We welcome you both to Democracy Now! Professor Hansford, let’s begin with you. Today is the first day of Black History Month. Last night in Memphis, the family gathered in the historic Mason Temple, where Martin Luther King gave his last speech, April 3rd, 1968, a day before he was assassinated, as they called for accountability. And today is the funeral. If you can respond to what’s taking place right now, and what you feel needs to happen, as more and more information comes out, not just the people who brutally beat him — and we may not know everyone who did at this point — but also the people who stood by, whether they were EMTs or other police officers or sheriff’s deputies?
JUSTIN HANSFORD: Yes. Well, first, thanks for having me, Amy.
I want to start off by reminding everyone that this situation reminds us that these are structural problems that are going to call for structural interventions. Too often we’re forced to focus on people at sort of the end point of these broken processes. And I know some people looked at the fact that the initial five officers who were involved were all Black, and they said to themselves, “Well, what does race have to do with it?” But looking at all of the people involved, looking at the entire structure from the beginning to the end, we need to understand that this is a broken structure, and it’s structural racism that causes us to be in this place where we are today. So I’m not surprised that from George Floyd, Mike Brown, now to Tyre Nichols, we’re seeing the same structures. Even though the players may be different, the structures are the same, and they haven’t changed over this period of time. So, we still have a lot of work to do ahead.
JUAN GONZÁLEZ: And, Professor Hansford, I wanted to ask you — so many of these horrific incidents occur during traffic stops.
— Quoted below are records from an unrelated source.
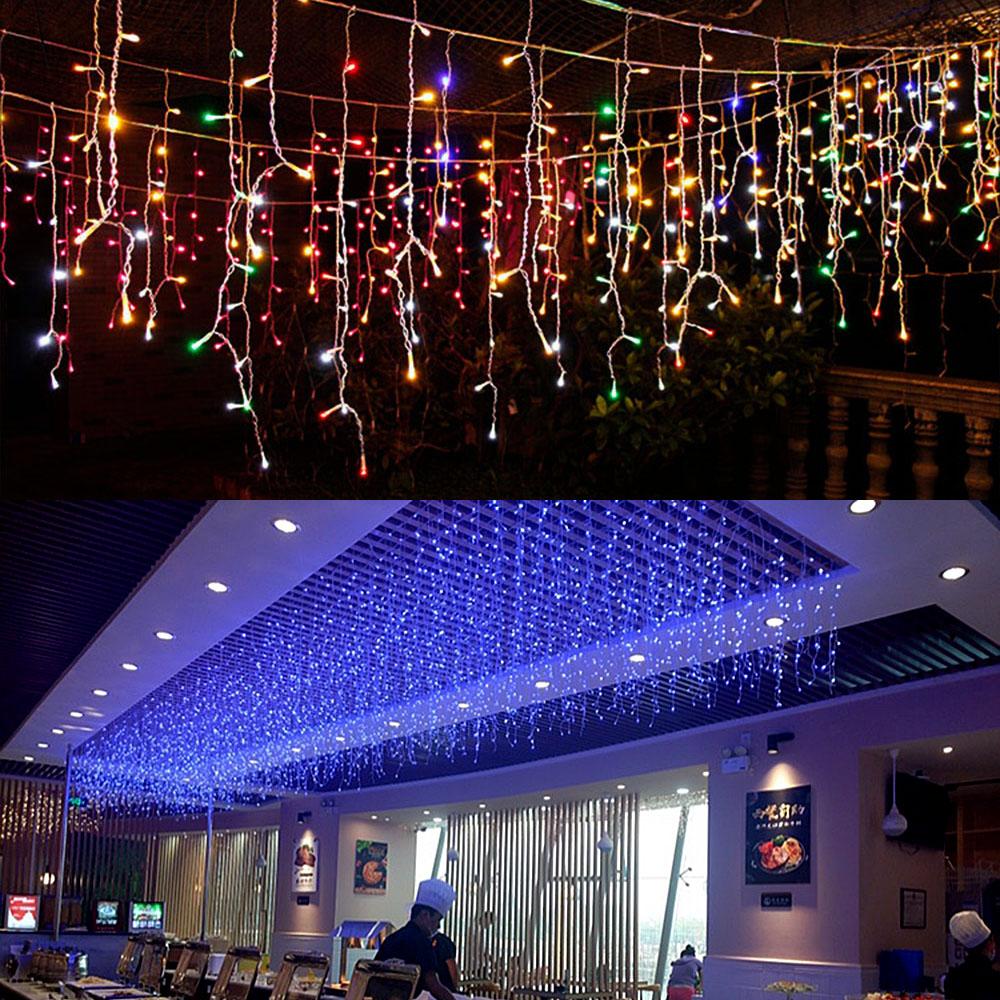 4 м, 0,4-0,6 м, 96 светодиодных занавесок, сосульки, гирлянды, вилка европейского стандарта, переменный ток, 220 В, мерцающая сказочная гирлянда для наружного и внутреннего рождественского свадебного украшения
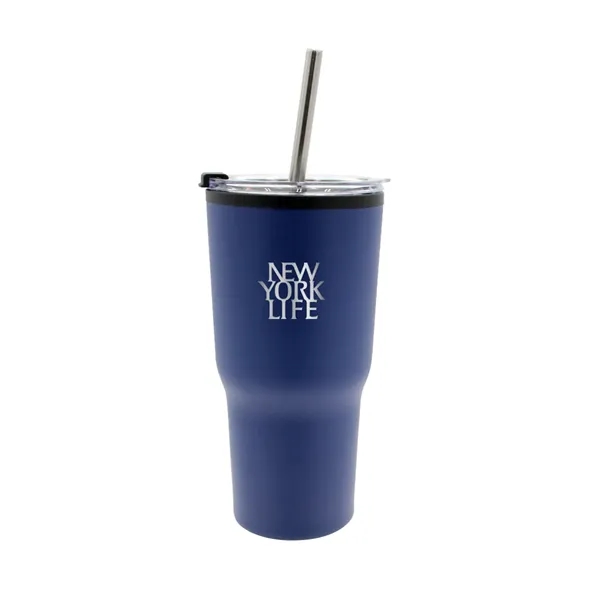 Blue color option for 20 Oz. Ares Recycled Tumbler With Stainless Straw Lid, Stand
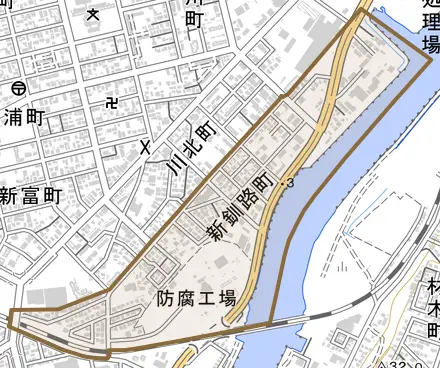 新釧路町とその周辺の地図。町の範囲を重ねている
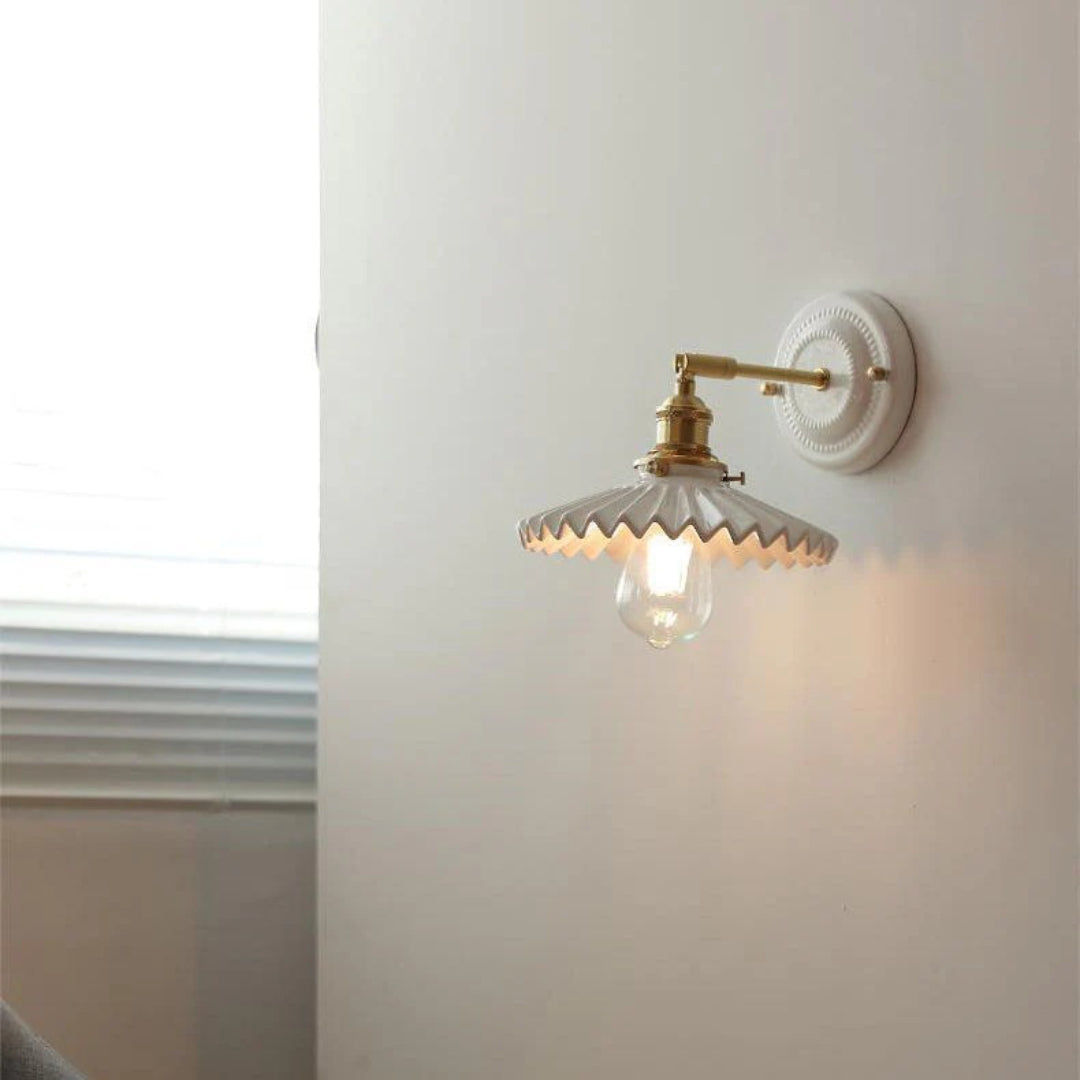 Japońska ceramiczno-mosiężna lampa ścienna – widok produktu 12 | Nuvira Home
Your response to those who say this case of Tyre Nichols is just a few bad apples? What does the data show, the research, about how traffic stops are implemented by police around the country in terms of racial groups?
JUSTIN HANSFORD: Yes, well, critical race theory scholars, like Devon Carbado at UCLA, have shown again and again that, basically, the more times that there is contact between police officers and citizens, especially if the citizens are Black, the more likely there is to be violence. And there’s really no reason for police to be involved in traffic stops to begin with. There have been scholars who have proposed that police be taken completely out of traffic stops. I know the city of Pittsburgh has experimented with that. And also, Berkeley, California, has had calls for that. Even here in Washington, D.C., the D.C. Police Commission has recently recommended that. So, that’s a workable alternative. Again, it’s not the solution, because these are broken systems and structures that go all the way deep to the root of what American policing is in the United States. But this is one example of the type of needless interaction that we can find a way to eliminate, if we’re working really, really strongly in trying to create change.
JUAN GONZÁLEZ: And you mentioned the need for structural change. But what I’ve seen over the decades is that every time an incident occurs and there’s massive protests, there are promises by local leaders, and even sometimes national leaders, of making some attempts at major or systemic reforms, but as soon as the protest movement dies down, the politicians pull back on whatever is the promises that they’ve made. How do you overcome this constant attempt to sort of coopt the movement for a while and then immediately go back to business as usual?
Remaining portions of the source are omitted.